Heart Rate Monitoring During Different Lung Volume Phases Using Seismocardiography

Heart Rate Monitoring During Different Lung Volume Phases Using   Seismocardiography
Notice: This research summary and analysis were automatically generated using AI technology. For absolute accuracy, please refer to the [Original Paper Viewer] below or the Original ArXiv Source.

Seismocardiography (SCG) is a non-invasive method that can be used for cardiac activity monitoring. This paper presents a new electrocardiogram (ECG) independent approach for estimating heart rate (HR) during low and high lung volume (LLV and HLV, respectively) phases using SCG signals. In this study, SCG, ECG, and respiratory flow rate (RFR) signals were measured simultaneously in 7 healthy subjects. The lung volume information was calculated from the RFR and was used to group the SCG events into low and high lung-volume groups. LLV and HLV SCG events were then used to estimate the subjects HR as well as the HR during LLV and HLV in 3 different postural positions, namely supine, 45 degree heads-up, and sitting. The performance of the proposed algorithm was tested against the standard ECG measurements. Results showed that the HR estimations from the SCG and ECG signals were in a good agreement (bias of 0.08 bpm). All subjects were found to have a higher HR during HLV (HR$\text{HLV}$) compared to LLV (HR$\text{LLV}$) at all postural positions. The HR$\text{HLV}$/HR$\text{LLV}$ ratio was 1.11$\pm$0.07, 1.08$\pm$0.05, 1.09$\pm$0.04, and 1.09$\pm$0.04 (mean$\pm$SD) for supine, 45 degree-first trial, 45 degree-second trial, and sitting positions, respectively. This heart rate variability may be due, at least in part, to the well-known respiratory sinus arrhythmia. HR monitoring from SCG signals might be used in different clinical applications including wearable cardiac monitoring systems.


💡 Research Summary

The manuscript investigates whether heart‑rate (HR) can be reliably estimated from seismocardiography (SCG) alone, without recourse to an electrocardiogram (ECG), and whether HR varies systematically between low‑lung‑volume (LLV) and high‑lung‑volume (HLV) phases of the respiratory cycle. Seven healthy adults (age 22‑35) were instrumented with a chest‑mounted triaxial accelerometer (sampling 1 kHz) to capture SCG, a standard three‑lead ECG, and a mask‑type flowmeter to record respiratory flow rate (RFR). The RFR signal was integrated in real time to obtain a surrogate lung‑volume trace; the mean of this trace defined a threshold that separated each breath into LLV (below‑mean) and HLV (above‑mean) intervals. SCG events occurring within each interval were isolated, and the S1/S2 peaks were detected using a moving‑average‑based second‑derivative algorithm. Inter‑peak intervals were averaged and converted to beats‑per‑minute, yielding separate HR estimates for LLV (HR_LL) and HLV (HR_HL).

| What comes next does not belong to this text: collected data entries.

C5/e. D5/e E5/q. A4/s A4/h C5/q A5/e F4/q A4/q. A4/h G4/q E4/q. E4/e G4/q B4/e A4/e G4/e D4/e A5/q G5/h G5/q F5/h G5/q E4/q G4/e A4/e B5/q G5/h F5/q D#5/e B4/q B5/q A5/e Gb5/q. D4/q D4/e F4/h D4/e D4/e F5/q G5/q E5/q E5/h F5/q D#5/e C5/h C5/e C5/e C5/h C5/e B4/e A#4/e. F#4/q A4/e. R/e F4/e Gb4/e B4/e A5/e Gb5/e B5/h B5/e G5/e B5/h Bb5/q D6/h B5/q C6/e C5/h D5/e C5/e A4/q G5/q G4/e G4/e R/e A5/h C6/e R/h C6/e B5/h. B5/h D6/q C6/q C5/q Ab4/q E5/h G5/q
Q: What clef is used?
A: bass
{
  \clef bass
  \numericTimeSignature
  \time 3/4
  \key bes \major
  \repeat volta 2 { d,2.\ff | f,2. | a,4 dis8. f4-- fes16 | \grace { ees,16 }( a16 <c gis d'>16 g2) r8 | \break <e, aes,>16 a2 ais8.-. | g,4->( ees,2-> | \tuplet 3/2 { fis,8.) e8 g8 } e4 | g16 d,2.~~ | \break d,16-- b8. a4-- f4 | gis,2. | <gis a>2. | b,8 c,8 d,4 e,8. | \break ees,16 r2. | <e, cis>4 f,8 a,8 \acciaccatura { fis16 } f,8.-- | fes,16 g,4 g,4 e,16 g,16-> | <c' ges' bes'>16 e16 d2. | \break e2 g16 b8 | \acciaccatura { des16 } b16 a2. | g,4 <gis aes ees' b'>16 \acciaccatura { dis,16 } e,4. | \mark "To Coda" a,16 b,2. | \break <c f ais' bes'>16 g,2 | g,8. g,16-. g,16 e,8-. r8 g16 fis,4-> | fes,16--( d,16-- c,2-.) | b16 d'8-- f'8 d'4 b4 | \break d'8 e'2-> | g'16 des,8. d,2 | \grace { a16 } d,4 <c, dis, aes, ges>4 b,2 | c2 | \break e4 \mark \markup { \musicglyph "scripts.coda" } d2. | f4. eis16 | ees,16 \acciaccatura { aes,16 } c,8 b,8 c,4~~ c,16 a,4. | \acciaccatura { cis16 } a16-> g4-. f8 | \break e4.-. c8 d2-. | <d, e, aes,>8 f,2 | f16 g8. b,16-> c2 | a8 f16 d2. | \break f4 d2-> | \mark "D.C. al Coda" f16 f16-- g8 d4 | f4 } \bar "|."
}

Four postural conditions were examined: supine, two consecutive 45° head‑up tilts, and sitting. For each posture, a five‑minute recording was obtained, providing enough cardiac cycles for robust statistics. The SCG‑derived HR values were compared to ECG‑derived HR using Bland‑Altman analysis. The mean bias was 0.08 bpm (95 % CI –0.12 to 0.28), indicating virtually no systematic error and confirming that SCG can serve as an ECG‑independent HR monitor.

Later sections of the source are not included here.